§ **Task requirements**
All pictures must be left out as you transcribe the lines from the first line of the data to the line containing "Wrapping Hearts Pattern", both included.

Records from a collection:
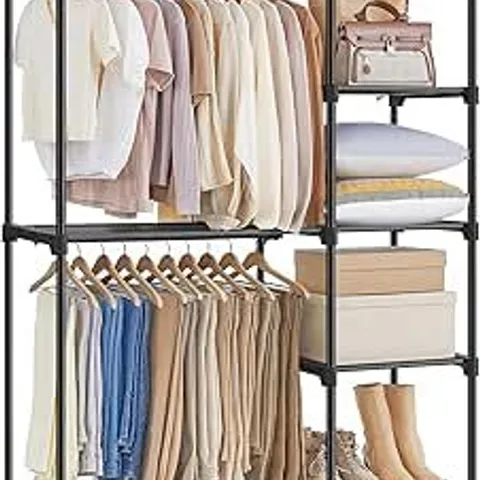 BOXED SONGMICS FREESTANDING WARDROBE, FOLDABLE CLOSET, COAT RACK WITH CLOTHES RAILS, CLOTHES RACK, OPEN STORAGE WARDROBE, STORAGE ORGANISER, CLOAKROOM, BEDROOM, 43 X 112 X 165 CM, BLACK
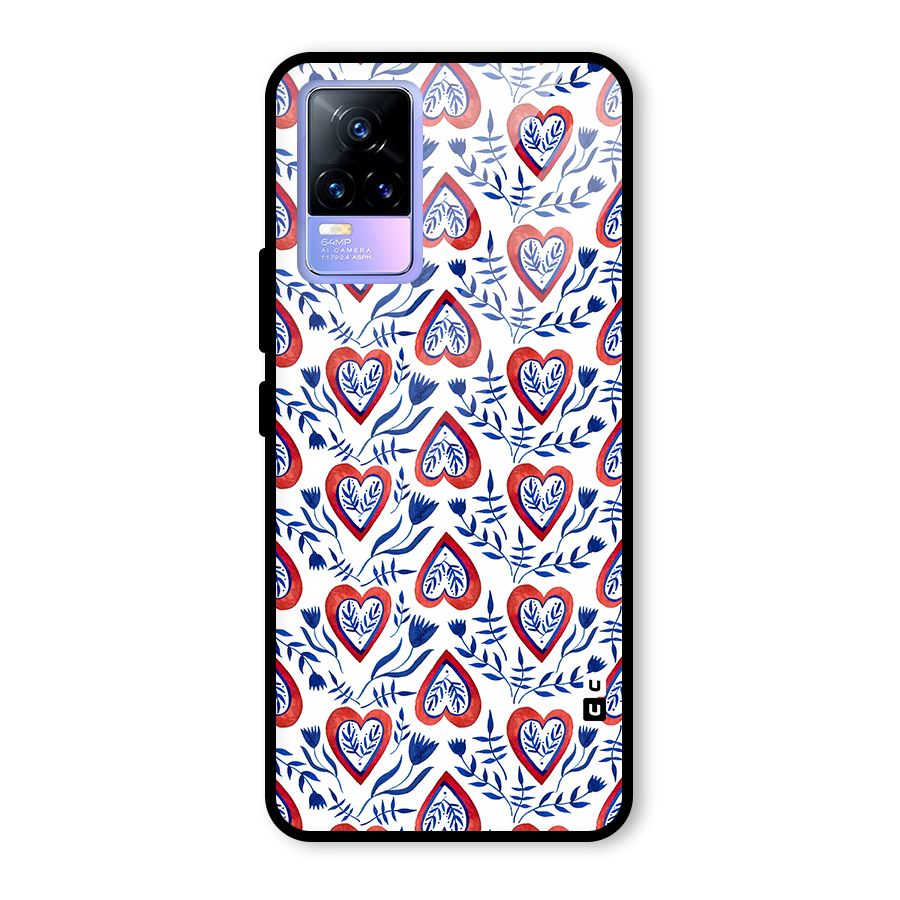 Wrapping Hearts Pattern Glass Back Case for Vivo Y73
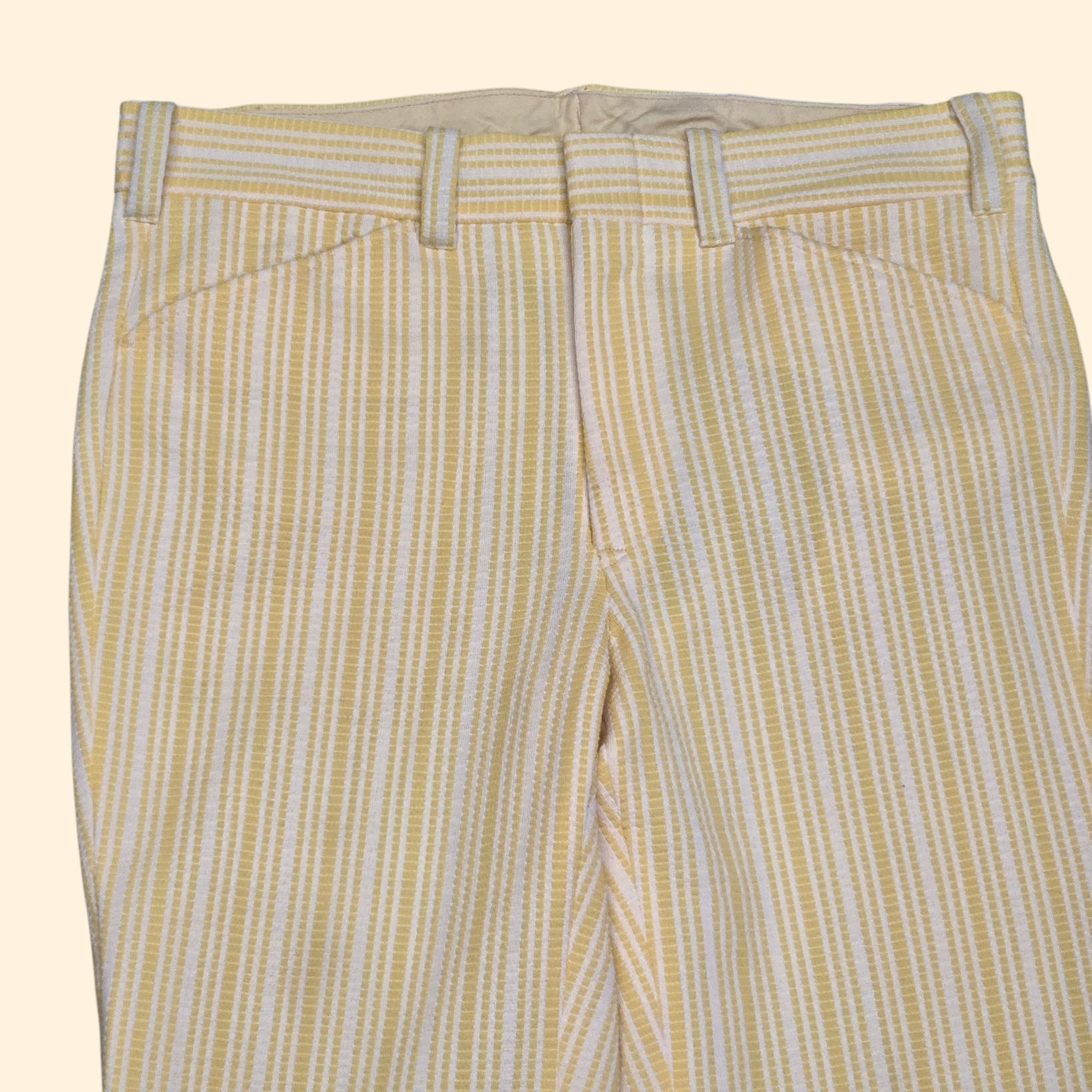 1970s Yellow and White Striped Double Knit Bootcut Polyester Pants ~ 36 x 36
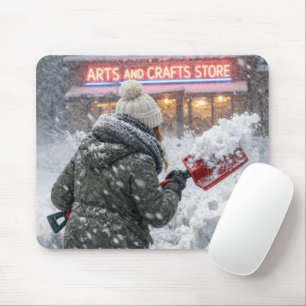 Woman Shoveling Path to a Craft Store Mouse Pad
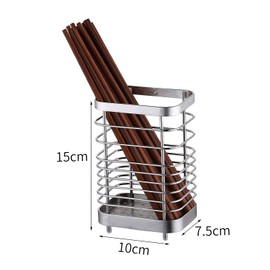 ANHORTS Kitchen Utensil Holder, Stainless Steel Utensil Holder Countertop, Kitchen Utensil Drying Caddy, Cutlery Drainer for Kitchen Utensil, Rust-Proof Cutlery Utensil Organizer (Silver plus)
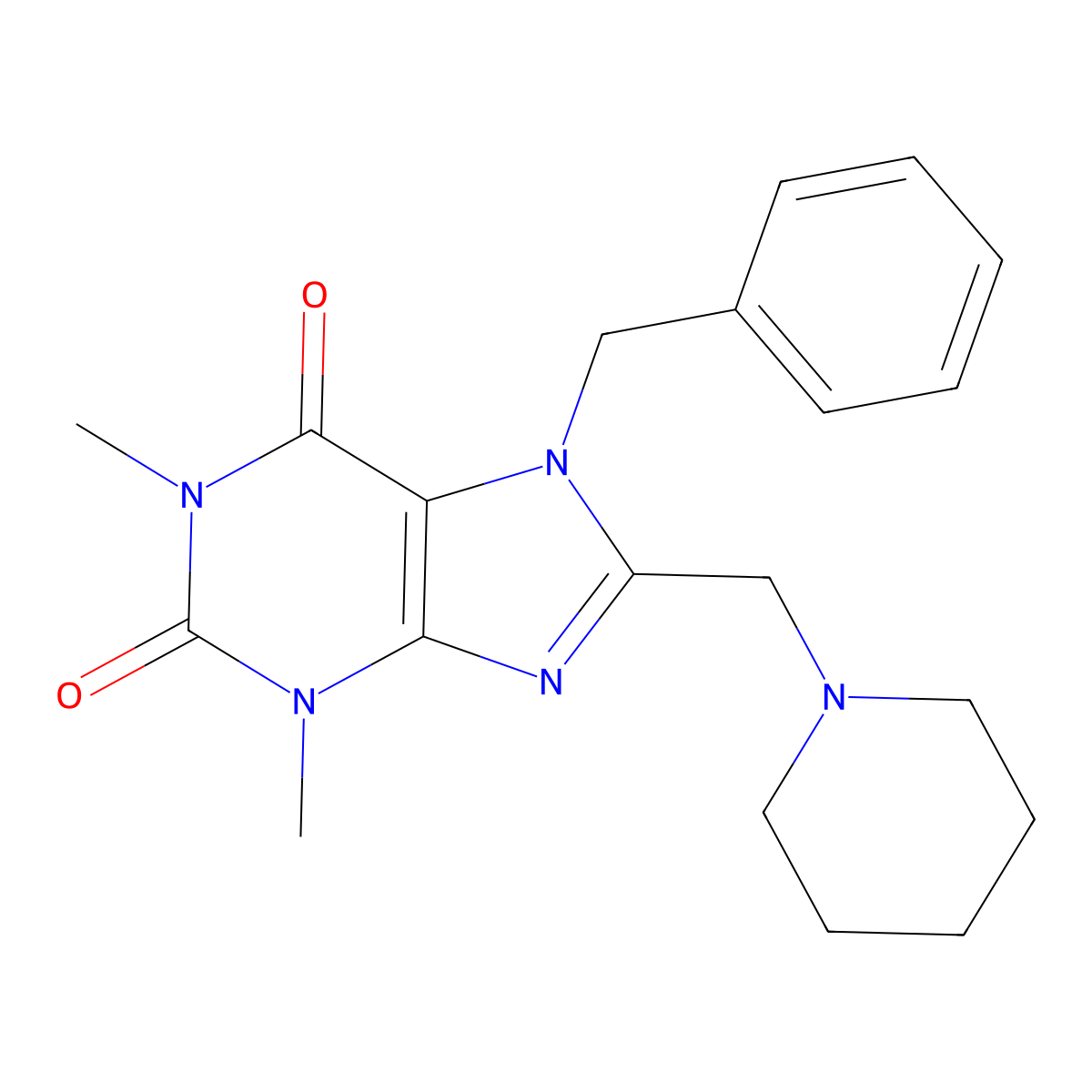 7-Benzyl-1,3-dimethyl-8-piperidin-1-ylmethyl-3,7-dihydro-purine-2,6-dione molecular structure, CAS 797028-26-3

§ **Reply**
 BOXED SONGMICS FREESTANDING WARDROBE, FOLDABLE CLOSET, COAT RACK WITH CLOTHES RAILS, CLOTHES RACK, OPEN STORAGE WARDROBE, STORAGE ORGANISER, CLOAKROOM, BEDROOM, 43 X 112 X 165 CM, BLACK
 Wrapping Hearts Pattern Glass Back Case for Vivo Y73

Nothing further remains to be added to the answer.